Things to note about concurrency limits:
  • If multiple users declare they are using the same resource, the total number of jobs that run in parallel are determined aggregately, not per user.
  • To declare the use of multiple resources, use a comma separated list.
  • Using the wrong resource name does not cause an error.
  • Using a resource name does not actually claim anything physically, you could for instance limit the number of jobs you are running that use t3work9 by using concurrency limits meant for t3work5.
  • If you do not use concurrency limits, then your jobs will begin running on any available jobs slots and might overwhelm the resources they use, thereby slowing down that resource for everyone.

Work Disks

Nearly all of the work disks are setup to use concurrency limits. Each disk has an associated amount of i/o that is used to limit the number of jobs running on them. This value is somewhat arbitrary, it does not actually represent real units of a disk's i/o. The names of these resources and the unit's of i/o they are given are listed here (may change soon):
  • DISK_T3WORK1: 10000
  • DISK_T3WORK2: 10000
  • DISK_T3WORK3: 10000
  • DISK_T3WORK4: 10000
  • DISK_T3WORK5: 10000
  • DISK_T3WORK6: 10000
  • DISK_T3WORK7: 10000
  • DISK_T3WORK8: 10000
  • DISK_T3WORK9: 10000
  • DISK_CYNISCA: 10000
  • DISK_HOME: 10000

A fairly simple calculation can be done to figure out how many units of i/o a job takes up if you already know how many jobs you want running at one time (10000/# of jobs to run at once). For instance, if I want to use t3work3 and only have 200 jobs using it at once, then I would insert the following in my submit script:

# 10000/200 = 50, so I would put...
Concurrency_Limits = DISK_T3WORK3:50

User Limits

Most users do not use the work disk concurrency limits as intended (to limit the number of jobs running that use a particular disk). Instead, they simply need a way to limit the total number of their own jobs that are running (without the concurrency limits of different users interfering with each other). If this is the only concurrency limit you'd like to set, add the following line to your submit script:

Concurrency_Limits = <username>:<1000/# of jobs>
# Example, this will limit the number of jobs I (forrestp) can run to 100.
Concurrency_Limit = forrestp:10

Note that while the disks have a resource limit of 10,000 units, the users have a resource limit of 1,000 units.

User Defined Resources

It's also possible for user's to define their own resources with a resource limit of 1,000 units. There are at least two ways these could be useful: to setup group limits (VHres, single-top, etc.) or if you are running multiple sets of jobs at once for different projects.
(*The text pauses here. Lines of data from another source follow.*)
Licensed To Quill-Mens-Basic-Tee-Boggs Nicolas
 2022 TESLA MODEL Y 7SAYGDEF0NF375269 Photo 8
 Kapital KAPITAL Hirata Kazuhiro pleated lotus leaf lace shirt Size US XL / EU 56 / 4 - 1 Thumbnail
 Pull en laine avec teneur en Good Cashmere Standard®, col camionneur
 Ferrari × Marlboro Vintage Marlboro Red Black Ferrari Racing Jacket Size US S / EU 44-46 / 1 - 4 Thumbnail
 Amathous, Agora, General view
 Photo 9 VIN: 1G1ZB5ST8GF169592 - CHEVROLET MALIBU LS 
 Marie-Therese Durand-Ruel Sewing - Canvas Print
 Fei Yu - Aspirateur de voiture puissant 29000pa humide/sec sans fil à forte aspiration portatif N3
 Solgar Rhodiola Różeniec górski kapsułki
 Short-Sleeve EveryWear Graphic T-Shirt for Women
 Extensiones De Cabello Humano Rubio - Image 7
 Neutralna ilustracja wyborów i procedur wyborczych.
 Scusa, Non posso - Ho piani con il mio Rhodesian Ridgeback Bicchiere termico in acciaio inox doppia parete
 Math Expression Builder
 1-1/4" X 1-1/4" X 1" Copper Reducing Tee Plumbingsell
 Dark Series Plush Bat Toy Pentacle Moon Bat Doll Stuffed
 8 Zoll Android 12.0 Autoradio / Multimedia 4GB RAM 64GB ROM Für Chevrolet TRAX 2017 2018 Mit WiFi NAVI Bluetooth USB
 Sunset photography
If you'd like to setup group limits, i.e., everyone in your group limits their jobs collectively, simply pick a group name that you can all agree on, say "VHres". Next pick how many jobs you'd all like to be able to run at once, maybe 250. Insert the following line into all of the relevant submit scripts.
# 1000/250 = 4
Concurrency_Limits = VHres:4

If you are running multiple sets of jobs at once for different projects (your qualification task and main analysis for instance), you may want to limit the number of each that can run instead of using user limits. Simply pick a name for each ("qualtask" and "analysis"), tack your username to the front or back ("forrestp_qualtask" and "forrestp_analysis", note that this is simply to avoid two people giving the same name to their user-defined resources), pick how many of each you want to run at once (25 and 75), and insert the following lines into your submit scripts.
# In your qual task submit script
Concurrency_Limits = forrestp_qualtask:40    # 1000/25=40

# In your analysis submit script
Concurrency_Limtis = forrestp_analysis:13    #1000/75 = 13.3, but the value given needs to be an int.

Multiple Concurrency Limits

If you would like to submit jobs with limits on both the username and disk, or some user defined resource, give the "Concurrency_Limit" variable in your submit script a comma separated list.

# Example, I (forrestp) want to limit the number of jobs I can run to 100, but also want to limit the number of jobs running on t3work4 to 50.
Concurrency_Limit = forrestp:10, DISK_T3WORK4:200

An example of where this would be useful is if you've split the datasets you run over across multiple disks. So say you've split this dataset across t3work3, t3work4, and t3work5. If you'd like to limit the total number of jobs you can run at once to 100, but limit the number of jobs that use a particular disk to 50, there are two approaches you can take: have three different submit scripts (one for each disk) or one submit script that changes the relevant variables (a bit more complicated).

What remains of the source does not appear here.